I’m not a calorie-counter or super-strict about food, so I don’t really expect to treat this as a food log. I became a vegan back in 1995, after being a vegetarian for a year; my reasons for becoming a vegan were ethical and environmental, and those remain my reasons for veganism today. I’m sure I enjoy some health benefits from being vegan, but really those are incidental and secondary – I’m a vegan because I love animals and can’t stand the thought of them being mistreated.

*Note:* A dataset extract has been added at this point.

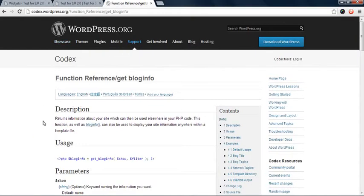And there you see in the codex get underscore blog info. You click on this link and then you reach to the WordPress documentation.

That being said, I live in an area in which it is really hard to be vegan. It’s easy for me because I’ve done it for so  long and I like to cook (as opposed to eating out), but it would be really, really hard to find the support to start a vegan lifestyle here. I’m in the rural, rural south. No-one has even heard the word vegan here, and in the 6 years I’ve been here, I have not met a single other vegan. I’ve met a few (2, I think) vegetarians. I rarely go to restaurants, partially because of the expense but mainly because of the inconvenience of having to explain what I can and can’t eat, dealing with the bewildered stares of waitstaff, and then not really being certain that what I receive is actually vegan. I do think it’s important to eat out as a vegan in the rural south, because it is only through people asking for vegan options that vegan options will become readily available. It’s just hard to be the guinea pig 🙂

I’m a simple, but good, cook. I love to cook and create and read cookbooks for ideas; I rarely follow a recipe exactly. My cooking has always relied on ingredients that are easy to come by. Back when I became a vegan, even in the enlightened town of Ithaca, NY, where I then lived, grocery stores did not carry staples such as refrigerated soymilk – you could only get the kind on the shelf. Earth Balance did not yet exist, nor did the majority of the meat analogs that are on the market today. Ithaca did carry a wonderful, locally-made seasoned tofu called tofukan…..it was delicious, and the closest to a meat analog that was available. Of course, where I am now has very limited options in terms of prepared vegan food. So, I learned to cook vegan food using basic, simple, whole, unprocessed ingredients, and I continue to cook that way today.

Veganism is becoming somewhat trendy, which is great for the animals and enviroment, but also means that many of the vegan blogs and cookbooks rely on vegan versions of non-vegan items. Sure, I enjoy the occasional tub of Tofutti sour cream, but I do not rely at all on vegan analogs of any kind, except for soy milk and soy margarine. This is primarily due to availability and price – those items are just so expensive, and in my area, very hard to come by.

So the recipes I’ll be posting to this blog are easy to make, tasty, and use easy to find ingredients. I am a mostly-healthy cook, but I enjoy my fair share of desserts, so some recipes will be vegan but definitely not ‘healthy’.

I’m looking forward to finally having a place to write down all the recipes I create. All too often my husband will say ‘why don’t you make X again’ and I can’t remember how I made it. I hope this blog helps remedy this problem, and gives others guidance in how to live a simple, old-school vegan lifestyle.